### Test Swedish Social Security Agency's Fairness Tests

This notebook tests the 2017 dataset we obtained against the fairness procedure outlined by the Swedish Social Security Agency. The agency refused to provide evidence that this procedure was ever actually deployed. 

Author: Gabriel Geiger <br>


In [1]:
import pandas as pd
import os

BASE_PATH = os.getcwd() + "/"
RAW_DATA_PATH = BASE_PATH + "raw_data/"
PROCESSED_DATA_PATH = BASE_PATH + "processed_data/"

### Load Data

Loads data from an Excel file where each sheet is a demographic category. To comply with GDPR, the ISF disclosed two versions of the dataset, one with 2 decimals for the risk score with a small number of rows removed and another with 1 decimal for the risk score with no rows removed. We use the version with 1 decimal because the risk score is not necessary for this analysis. 

In [2]:
"""
Load processed data stored Excel file.
@param filename: The name of the file to load (data_english or data_swedish)
@param path: The path to the file (default is RAW_DATA_PATH)

@return tables: A dictionary where each key is the category (e.g. gender) and each value is a Dataframe of the corresponding table. 
"""
def load_data(filename, path = RAW_DATA_PATH) -> dict[str : pd.DataFrame] :
  print("Loading data from {f}... \n".format(f=path))
  tables = {}

  excel = pd.ExcelFile(path + filename)
  sheet_names = excel.sheet_names

  for sheet_name in sheet_names :

    # We only want to get the tables with 1 decimal (e.g. no rows removed)
    if "1" not in sheet_name :
      continue

    df = excel.parse(sheet_name)

    tables[sheet_name] = df
    print("Table '{t}' loaded with shape {s}".format(t=sheet_name,s=df.shape))

  return tables

raw_tables = load_data("data_english.xlsx")
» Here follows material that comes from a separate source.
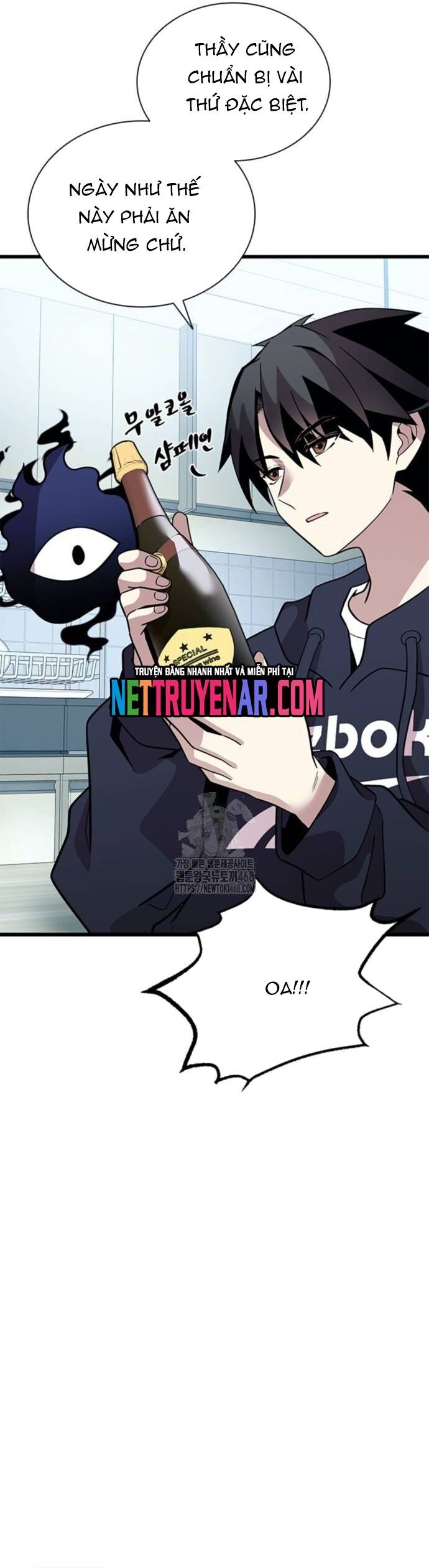 page_18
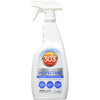 303 (30302) UV Protectant Spray for Vinyl, Plastic, Rubber, Fiberglass, Leather & More – Dust and Dirt Repellant - Non-Toxic, Matte Finish, 2 Fl. oz.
Loading data from c:\Users\gabri\Desktop\Sweden_Fairness_v2/raw_data/... 

Table 'Gender 1 Decimal' loaded with shape (6129, 4)
Table 'Income 1 Decimal' loaded with shape (6129, 4)
Table 'Education 1 Decimal' loaded with shape (6129, 4)
Table 'Foreign 1 Decimal' loaded with shape (6129, 5)


### Data Processing 

We conduct a few small processing steps to make our analysis easier. 

- We create education into a binary categorical variable between low (no university degree) and high (has university degree)
- We make a split between lower and higher income based on the median income. 
- We merge labels into "Errors found" and "No errors found." In practice, there are a few other smaller labels. 
- We merge selection methods 'high risk', 'high high risk' and 'follow-up control' into 'algorithm.' All of these selection methods involved being selected by the algorithm, but 'high high risk' selection defines the highest risk scores and 'follow-up control' are people who were previously selected by the algorithm who are checked again.  

In [3]:
"""
This function runs some basic preprocessing steps on the data. 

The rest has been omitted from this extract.